**Today’s post is being shared with the Bloggers Unite community in honor of Prematurity Awareness Day. Help us celebrate and commemorate those born too soon, those who have endured countless struggles, and those whose struggles ended in peace.**
Most of you who read this blog regularly (yes, all 5 or so of you) know by now that Rachel and Claire were born 9 weeks premature due to my battle with severe preeclampsia. They spent 5 weeks in the NICU, needed very little respiratory help, and mainly needed to feed and grow.
We were, and still are, very, very fortunate.
Now that R & C are 2 and a half, I feel I have put those days behind me. The book has been placed on the shelf. It will always be there in case I want to pull it down and relive the memories, but we’ve turned that corner.
In honor of Prematurity Awareness Day, I need to tell you about a tiny little girl named Schylur Martin who is writing her own book right now.
My good friend Reba contacted me a couple of weeks ago because her brother Joey’s wife was admitted to the hospital with gestational diabetes and preeclampsia. She was 29 weeks pregnant. I first met Joey years ago when he was 15, so even though I’ve seen him grow up throughout the years, I’m having a hard time grasping the fact that he’s 21, married, and expecting a baby.
Joey and Alyssa live in California, away from Joey’s close knit family and most of his friends. Reba had called me to try and gain a sense of what they might be going through, since I had endured an almost identical situation, minus the diabetes. I gave her some insight as to how Alyssa might be feeling (lonely, helpless, feelings of guilt), and what they should do to mentally prepare themselves for a delivery that would likely come much earlier than they expected, like tour the NICU and gain as much info as possible on the baby’s possible situation at birth.
I emailed the couple to tell them my story, let them know that I’ve been there, and reassure them that they will make it through. I thought of them and prayed for them often.
Today I found out that Schylur entered the world on November 5, weighing 2lbs, 7oz. Alyssa’s kidney’s started shutting down, and they performed an emergency C-section. It sounded all too familiar. So far the baby is doing really well and breathing on her own, which is absolutely amazing.
I know right now that Schylur’s parents are scared. Overwhelmed. The eerie quiet of the NICU, the low lights, the strange sounds. Meeting a new nurse just about every day. The medical jargon being thrown at them from every angle. Feeding tubes, bili lights, isolettes with blankets over them to mimic the darkness of the womb. Feeling helpless about their baby’s care, guilty for going home at night, and a little ticked off at that nurse who seemed less than compassionate.

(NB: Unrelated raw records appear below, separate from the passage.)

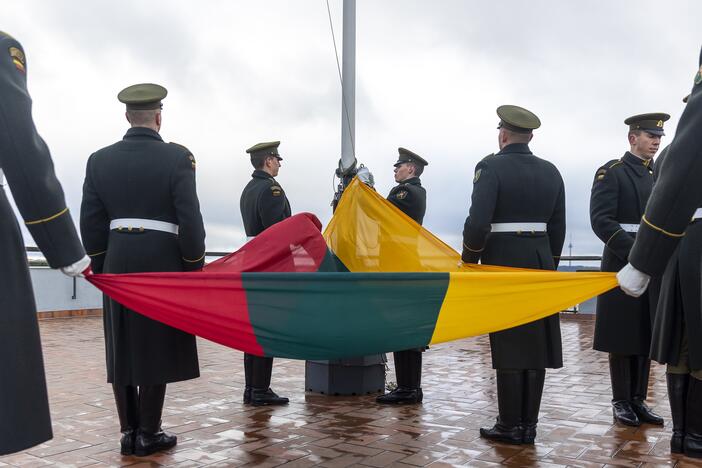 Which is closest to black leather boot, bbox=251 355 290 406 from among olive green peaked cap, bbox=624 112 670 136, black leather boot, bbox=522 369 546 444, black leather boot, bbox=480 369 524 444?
black leather boot, bbox=480 369 524 444

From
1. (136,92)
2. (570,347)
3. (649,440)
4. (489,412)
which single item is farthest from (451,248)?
(570,347)

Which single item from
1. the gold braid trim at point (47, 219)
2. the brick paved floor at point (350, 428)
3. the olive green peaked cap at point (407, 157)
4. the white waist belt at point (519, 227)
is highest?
the olive green peaked cap at point (407, 157)

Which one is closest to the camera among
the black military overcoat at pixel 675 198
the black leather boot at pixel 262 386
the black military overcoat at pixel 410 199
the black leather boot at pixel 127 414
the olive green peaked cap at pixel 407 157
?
the black military overcoat at pixel 675 198

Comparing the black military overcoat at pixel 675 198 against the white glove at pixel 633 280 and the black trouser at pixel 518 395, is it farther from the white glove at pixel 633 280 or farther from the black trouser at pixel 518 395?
the black trouser at pixel 518 395

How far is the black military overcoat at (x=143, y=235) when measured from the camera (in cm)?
331

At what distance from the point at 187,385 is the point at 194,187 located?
2611mm

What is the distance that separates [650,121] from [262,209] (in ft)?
9.45

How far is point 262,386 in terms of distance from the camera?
15.4 ft

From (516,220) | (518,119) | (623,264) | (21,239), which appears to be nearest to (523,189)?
(516,220)

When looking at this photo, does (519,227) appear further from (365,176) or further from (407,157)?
(407,157)

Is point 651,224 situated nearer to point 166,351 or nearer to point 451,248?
point 451,248

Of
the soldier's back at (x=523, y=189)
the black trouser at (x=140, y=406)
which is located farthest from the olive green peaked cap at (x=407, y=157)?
the black trouser at (x=140, y=406)

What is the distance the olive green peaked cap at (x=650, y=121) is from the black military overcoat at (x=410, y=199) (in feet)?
5.34

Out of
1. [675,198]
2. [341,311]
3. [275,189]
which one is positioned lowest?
[341,311] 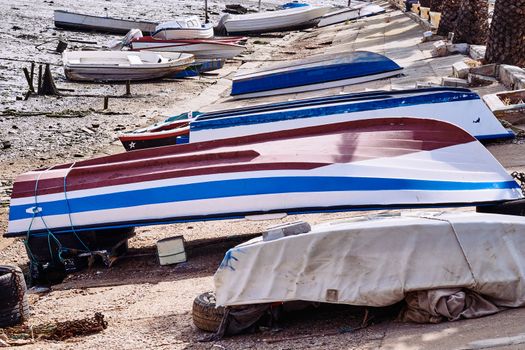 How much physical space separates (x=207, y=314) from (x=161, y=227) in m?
5.52

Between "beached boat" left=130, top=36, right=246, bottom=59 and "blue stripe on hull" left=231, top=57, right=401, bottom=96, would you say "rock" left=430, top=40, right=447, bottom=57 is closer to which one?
"blue stripe on hull" left=231, top=57, right=401, bottom=96

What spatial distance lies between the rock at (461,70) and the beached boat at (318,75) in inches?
89.0

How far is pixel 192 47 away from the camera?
33.4 meters

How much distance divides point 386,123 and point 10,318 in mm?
6065

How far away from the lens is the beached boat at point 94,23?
4331cm

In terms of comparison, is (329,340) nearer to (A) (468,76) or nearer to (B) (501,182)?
(B) (501,182)

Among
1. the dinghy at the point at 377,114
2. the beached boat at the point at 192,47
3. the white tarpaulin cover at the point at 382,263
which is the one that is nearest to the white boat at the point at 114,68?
the beached boat at the point at 192,47

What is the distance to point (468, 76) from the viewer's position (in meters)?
19.5

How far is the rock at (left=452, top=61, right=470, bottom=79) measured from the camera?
65.3 ft

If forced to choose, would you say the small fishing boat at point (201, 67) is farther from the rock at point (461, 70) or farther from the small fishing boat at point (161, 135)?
the small fishing boat at point (161, 135)

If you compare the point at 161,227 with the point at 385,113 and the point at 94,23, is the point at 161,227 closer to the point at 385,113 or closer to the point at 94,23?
the point at 385,113

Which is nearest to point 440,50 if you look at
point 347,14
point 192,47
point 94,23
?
point 192,47

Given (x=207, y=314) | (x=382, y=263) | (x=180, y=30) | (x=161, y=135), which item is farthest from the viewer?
(x=180, y=30)

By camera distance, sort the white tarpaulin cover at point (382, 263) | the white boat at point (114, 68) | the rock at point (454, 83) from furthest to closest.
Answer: the white boat at point (114, 68), the rock at point (454, 83), the white tarpaulin cover at point (382, 263) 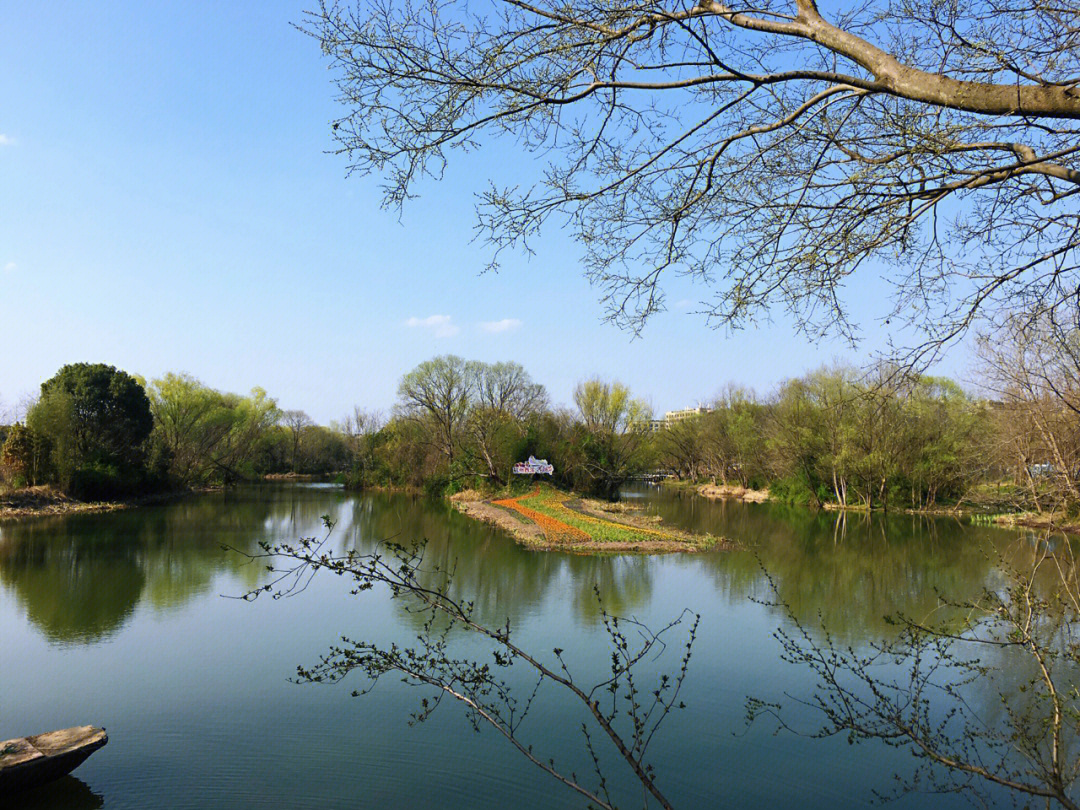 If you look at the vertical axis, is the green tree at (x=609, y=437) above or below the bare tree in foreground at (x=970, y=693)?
above

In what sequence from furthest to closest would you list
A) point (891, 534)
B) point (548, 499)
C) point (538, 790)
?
point (548, 499)
point (891, 534)
point (538, 790)

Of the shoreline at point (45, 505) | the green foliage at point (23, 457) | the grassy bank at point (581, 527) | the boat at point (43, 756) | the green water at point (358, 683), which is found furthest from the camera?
the green foliage at point (23, 457)

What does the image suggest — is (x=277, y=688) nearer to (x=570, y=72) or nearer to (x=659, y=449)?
(x=570, y=72)

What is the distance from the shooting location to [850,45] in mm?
2158

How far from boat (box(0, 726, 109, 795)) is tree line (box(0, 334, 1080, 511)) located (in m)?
10.8

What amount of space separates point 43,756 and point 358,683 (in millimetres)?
3027

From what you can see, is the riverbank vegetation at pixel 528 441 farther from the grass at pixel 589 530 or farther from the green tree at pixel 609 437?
the grass at pixel 589 530

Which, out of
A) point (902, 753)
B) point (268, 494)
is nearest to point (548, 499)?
point (268, 494)

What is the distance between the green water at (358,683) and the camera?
5129 mm

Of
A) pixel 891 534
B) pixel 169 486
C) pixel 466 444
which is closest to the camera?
pixel 891 534

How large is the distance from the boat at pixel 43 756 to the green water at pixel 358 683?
0.72 feet

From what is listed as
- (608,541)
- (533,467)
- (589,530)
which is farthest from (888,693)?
(533,467)

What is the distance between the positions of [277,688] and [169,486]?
2610 centimetres

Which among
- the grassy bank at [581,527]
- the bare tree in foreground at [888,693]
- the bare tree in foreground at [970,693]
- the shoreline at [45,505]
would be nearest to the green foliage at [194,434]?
the shoreline at [45,505] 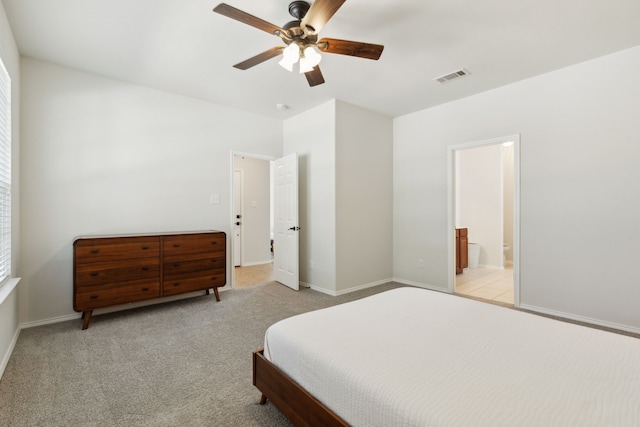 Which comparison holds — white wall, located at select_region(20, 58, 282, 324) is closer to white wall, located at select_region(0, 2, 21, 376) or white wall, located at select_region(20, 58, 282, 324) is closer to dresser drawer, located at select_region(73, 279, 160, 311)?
white wall, located at select_region(0, 2, 21, 376)

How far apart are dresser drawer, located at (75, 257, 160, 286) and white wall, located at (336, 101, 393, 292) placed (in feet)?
7.30

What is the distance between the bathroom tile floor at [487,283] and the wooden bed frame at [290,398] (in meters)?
3.29

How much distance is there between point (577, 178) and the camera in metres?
3.11

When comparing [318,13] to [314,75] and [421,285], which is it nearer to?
[314,75]

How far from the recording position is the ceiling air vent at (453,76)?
3.23m

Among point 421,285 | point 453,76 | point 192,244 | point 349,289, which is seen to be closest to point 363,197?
point 349,289

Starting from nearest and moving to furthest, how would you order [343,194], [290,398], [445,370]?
[445,370]
[290,398]
[343,194]

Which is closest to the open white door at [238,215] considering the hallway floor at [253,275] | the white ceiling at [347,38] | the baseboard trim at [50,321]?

They have a long way to go. But it gets better.
They’ll eventually learn to tune out the incessant beeping of the monitors that don’t belong to their baby. They’ll learn to maneuver around all of the wires and tubes to change a diaper that is all too big for their tiny baby’s body, even when it’s folded down at the waist and the tabs are completely overlapping. They’ll learn where everything in the NICU is and go grab it at will: rocking chair, pump, pillows, warm blankets. They’ll eagerly track her progress and learn to read her charts.
They’ll get to hold her skin to skin, feel her breath on their chest, listen to her sweet sounds as she sleeps soundly on them.
They’ll watch her grow and get strong.
Please send a prayer up tonight for little baby Schylur. Today we focus on the fight for preemies. Because they are too little to fight for themselves.